Figure 7 shows the value of G in terms of Bn and Ca for axi-symmetric and 2D bubbles. The symbols and the lines in the figure represent the computed data points and linear fits through them. For both configurations G varies almost linearly with Bn for all Ca values, and G decreases with increase in Ca. G of the axi-symmetric case is roughly 2.2 times larger than that of the 2D. G has significant effect on trend of h in terms of Ca and Bn which is discussed next.

Figure 7.

G in terms of Bn for different Ca values.

Table 2 shows the computed h for the axi-symmetric bubble in this work along with the numerical results of de Sousa et al. [46] for axi-symmetric advancing gas fingers.
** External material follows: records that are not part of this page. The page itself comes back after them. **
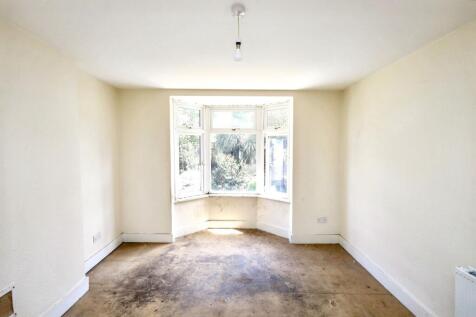 Flat A 15 Hamilton Road, Harrow, London HA1 1SU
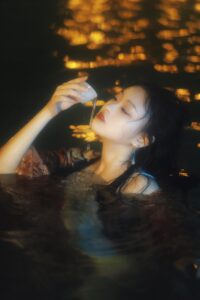 汉服温泉 出镜：塞酱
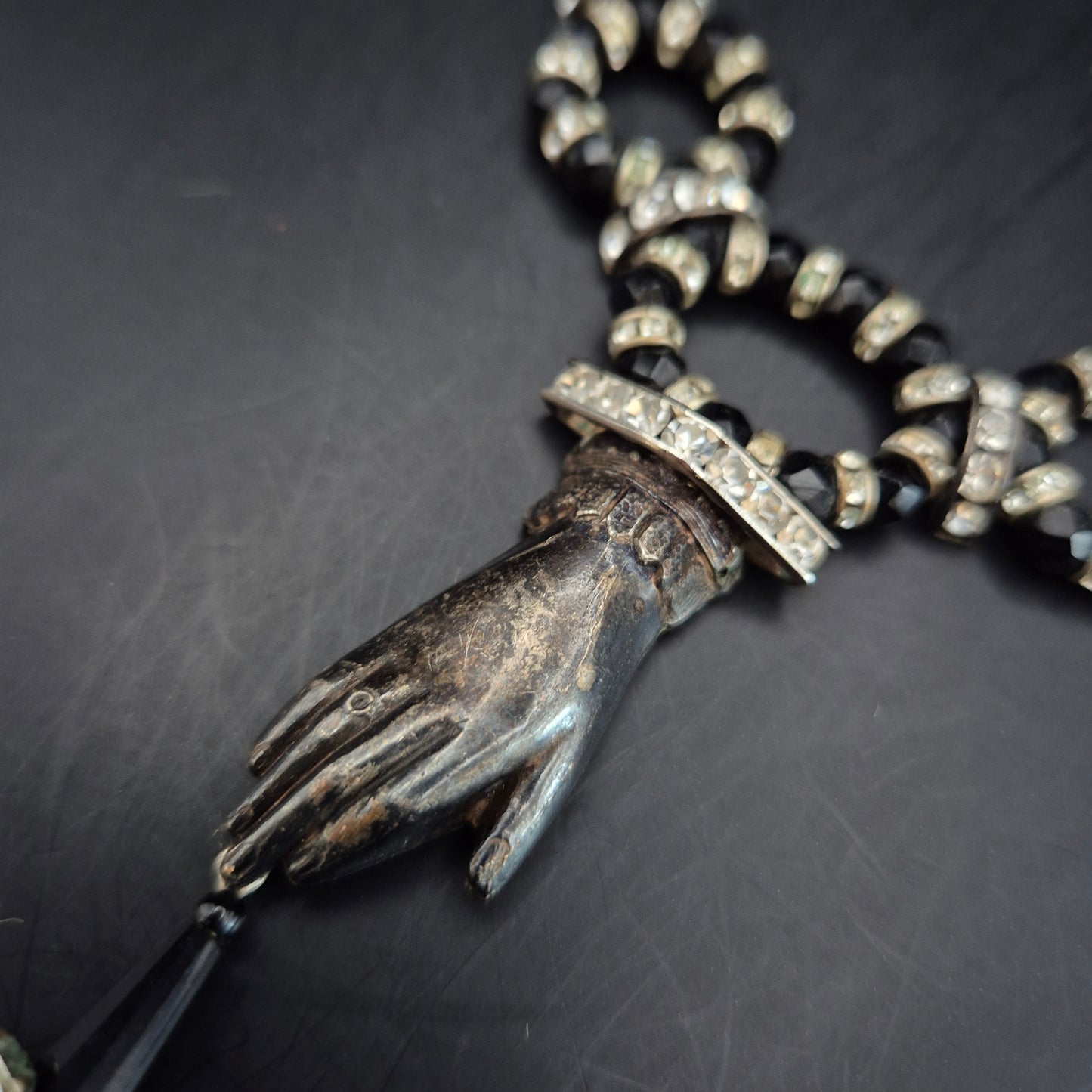 Exklusive Damen Kette mit Hand-Anhänger – Vintage-Stil in Schwarz & Silber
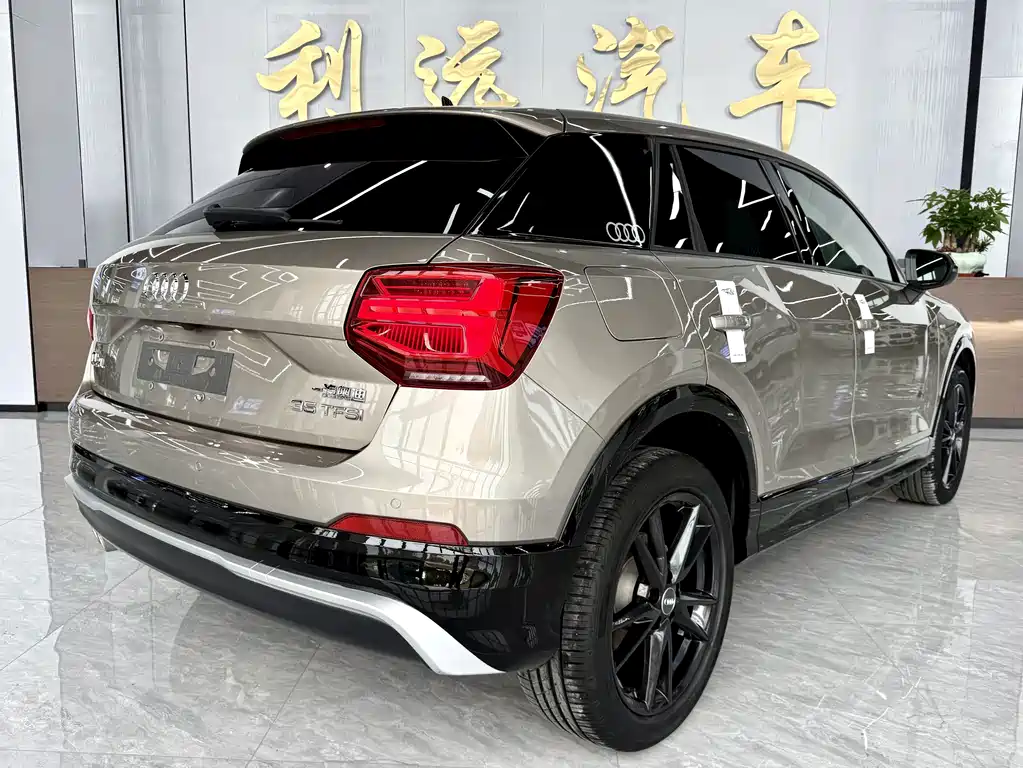 Audi Q2L — миниатюра 16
The agreement is good. We need to emphasize that Ca in their study has been defined based on the apparent viscosity rather than the plastic viscosity used by us. As a result, Ca in their study is equivalent to Ca×(1+Bn) in our work. We therefore in Table 2, have converted their dimensionless inputs so that they become consistent with ours. Their data were extracted through a graph which inherently might include small reading errors.

Table 2.

h in terms of Ca for the axi-symmetric bubble, Bn=1. The current results are compared with a previous work, de Sousa et al. [46], for advancing gas fingers. The numbers in parenthesis show the difference in percentage with their work.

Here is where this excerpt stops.